売野さんが尊敬する作詞家・山川啓介氏

売野雅勇 撮影/杉山慶伍

 作詞においても、継承はなされていると思います。僕は『哀愁のカサブランカ』の日本語詞が大好きで、作詞家の山川啓介さんを尊敬しています。僕が作詞家デビューした『星くずのダンス・ホール』や、チェッカーズの『ジュリアに傷心』には、そのエッセンスがちりばめられているんです。

 山川さんがいなければ、僕はそれらの歌詞をかけなかっただろうと思いますし、僕はその継承を意識しながら歌詞を書いてきました。僕の歌詞を聴いて育った人の中には、無意識に僕の歌詞を土台にして歌詞を書いている人もいるかもしれません。
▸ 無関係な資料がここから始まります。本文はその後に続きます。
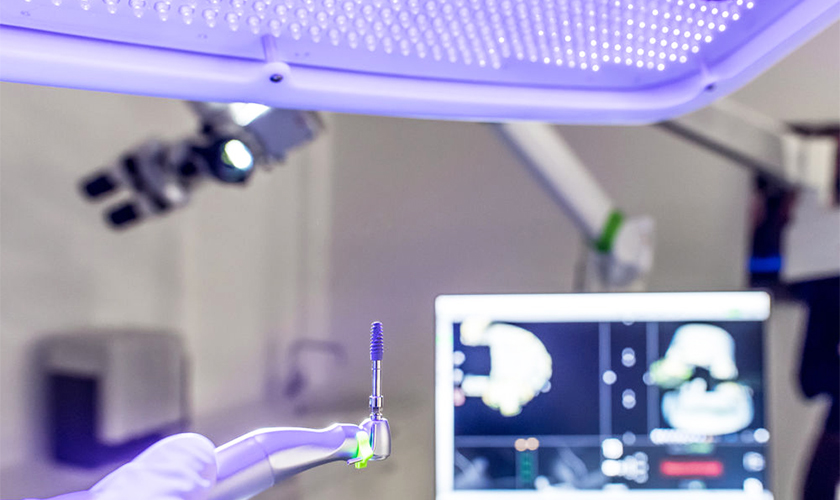 Dental implant with 4.0 technology: painless and safe with navigation system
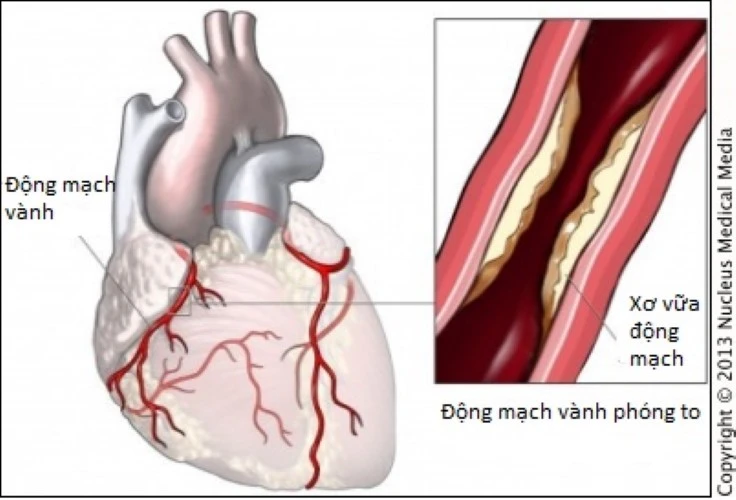 Xơ vữa động mạch.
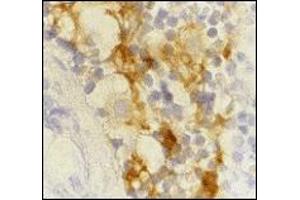 Immunohistochemistry (IHC) image for anti-CD209 (CD209) (Extracellular Domain) antibody (ABIN492511) (DC-SIGN/CD209 Antikörper  (Extracellular Domain))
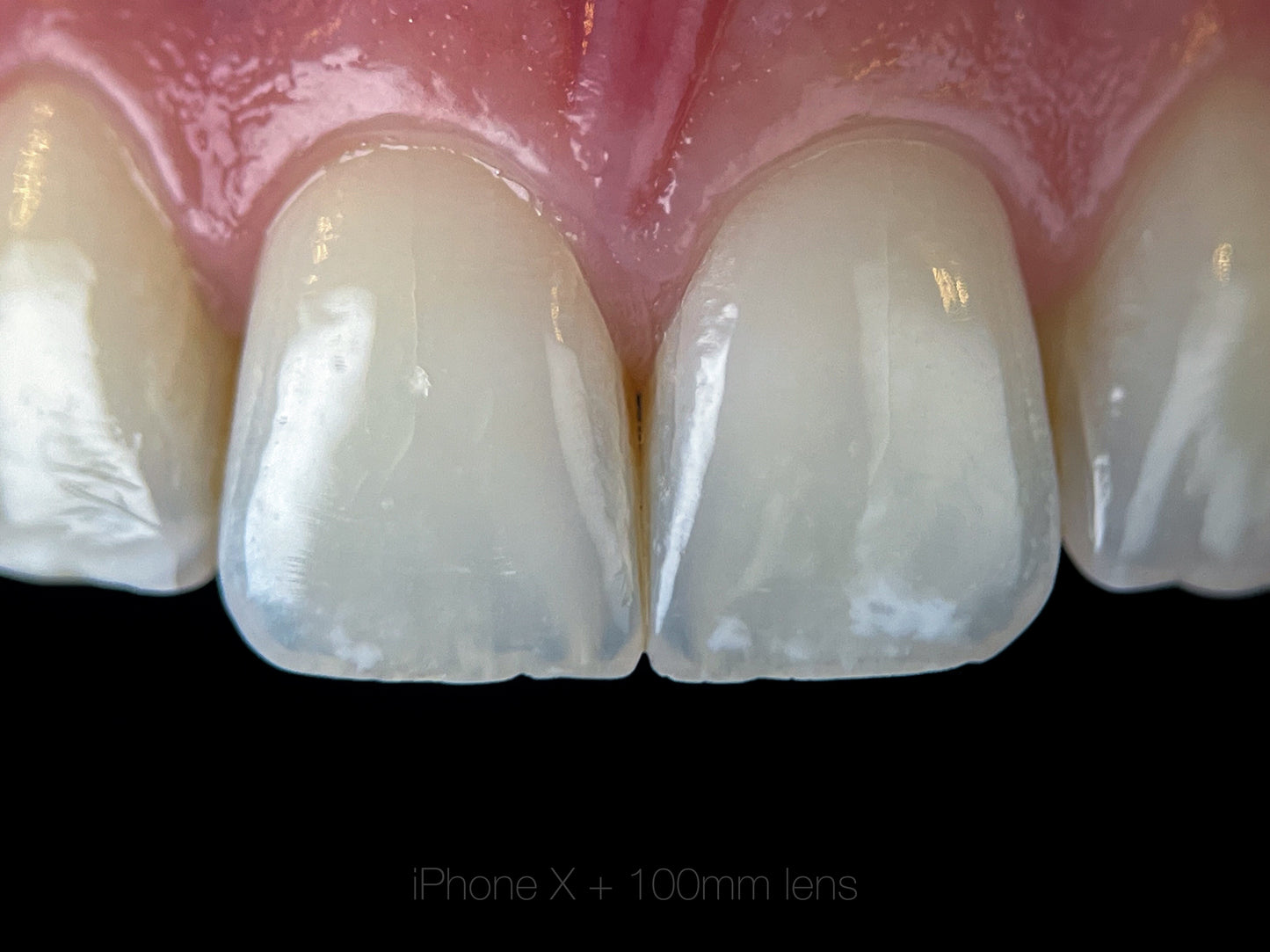 Lente Macro 100mm para telemóvel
そうやって音楽は地続きにつながっていくのだと思います」

 偉大な作詞家のレガシーを受け継ぎ、さらに下の世代がそれを共有していく。その大きな流れのなかで、売野さんはいまも傑作を生み出し続けているのだ。

(取材・文/キツカワユウコ)

うりの・まさお
 1951年2月22日生、栃木県出身。上智大学を卒業後、広告代理店に入社。コピーライター、ファッション誌の編集長などを務めたのち、1981年にシャネルズ(のちのラッツ&スター)の『星くずのダンス・ホール』で作詞家として活動を開始。翌年、中森明菜の『少女A』の作詞を担当、以来チェッカーズ、河合奈保子らに歌詞を提供、現在に至るまでその歌詞が多くの人に愛されている。